Return exactly the lines of the records below, starting at the line that contains "Bobby Lashley |" and ending at the line that contains "PUMA challenger 35L", with both of those lines kept.

• **DATA SHOWN**:

•••

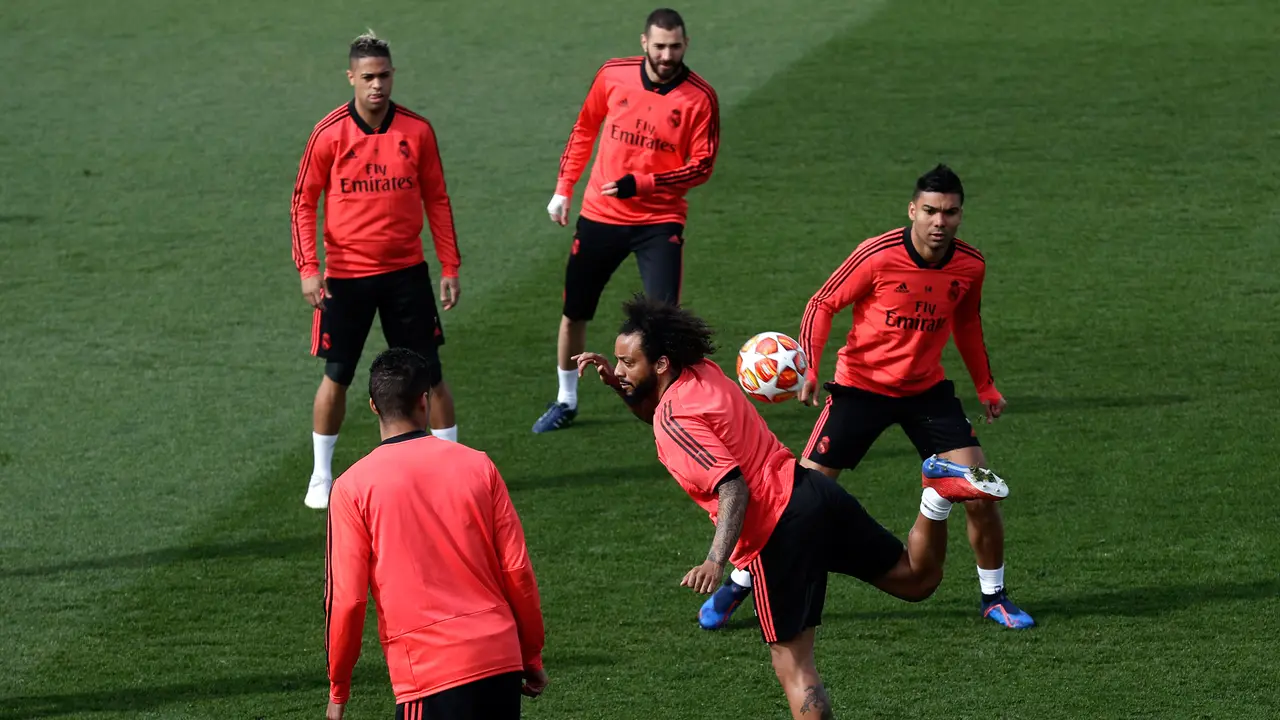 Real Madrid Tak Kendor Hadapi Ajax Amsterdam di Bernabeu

•••

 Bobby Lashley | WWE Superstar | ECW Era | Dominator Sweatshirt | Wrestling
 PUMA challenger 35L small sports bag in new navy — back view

•••

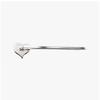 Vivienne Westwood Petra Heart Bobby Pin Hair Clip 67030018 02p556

•••

• **SOLUTION TO THIS TASK**:
 Bobby Lashley | WWE Superstar | ECW Era | Dominator Sweatshirt | Wrestling
 PUMA challenger 35L small sports bag in new navy — back view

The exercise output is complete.